(Source data)

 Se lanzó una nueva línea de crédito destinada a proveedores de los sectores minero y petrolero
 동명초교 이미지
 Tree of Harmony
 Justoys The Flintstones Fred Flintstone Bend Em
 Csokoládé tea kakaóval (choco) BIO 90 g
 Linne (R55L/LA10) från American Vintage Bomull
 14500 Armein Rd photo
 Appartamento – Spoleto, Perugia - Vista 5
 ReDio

(End Source data)
(Source data)

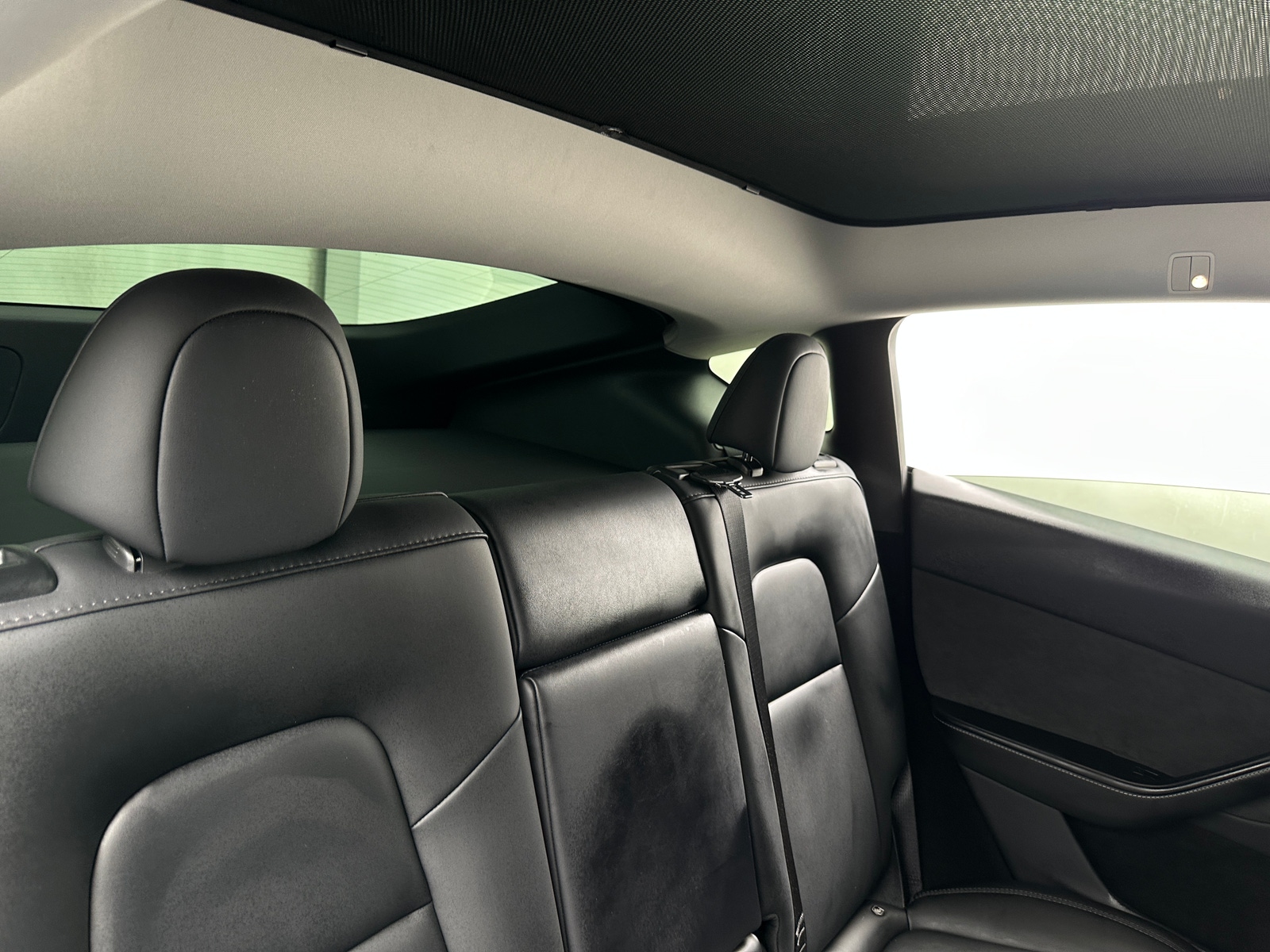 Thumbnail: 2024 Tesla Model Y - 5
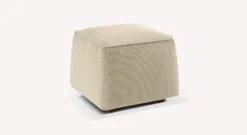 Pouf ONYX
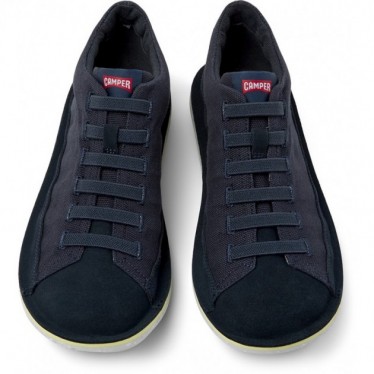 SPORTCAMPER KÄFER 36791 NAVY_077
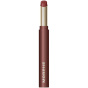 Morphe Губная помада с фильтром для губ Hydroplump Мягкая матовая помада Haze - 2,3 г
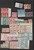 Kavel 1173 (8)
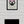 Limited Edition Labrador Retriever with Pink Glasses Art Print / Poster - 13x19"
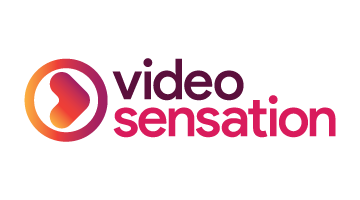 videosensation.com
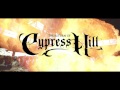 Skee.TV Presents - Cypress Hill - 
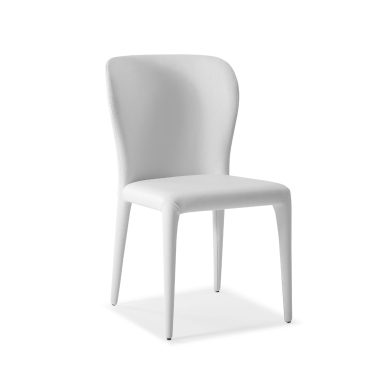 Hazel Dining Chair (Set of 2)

(End Source data)

Work required:
Starting at the line above that holds "Se lanzó una" and ending at the line that holds "Csokoládé tea kakaóval (choco) BIO 90 g", transcribe each line exactly and include no other lines.

Solution to the exercise:
 Se lanzó una nueva línea de crédito destinada a proveedores de los sectores minero y petrolero
 동명초교 이미지
 Tree of Harmony
 Justoys The Flintstones Fred Flintstone Bend Em
 Csokoládé tea kakaóval (choco) BIO 90 g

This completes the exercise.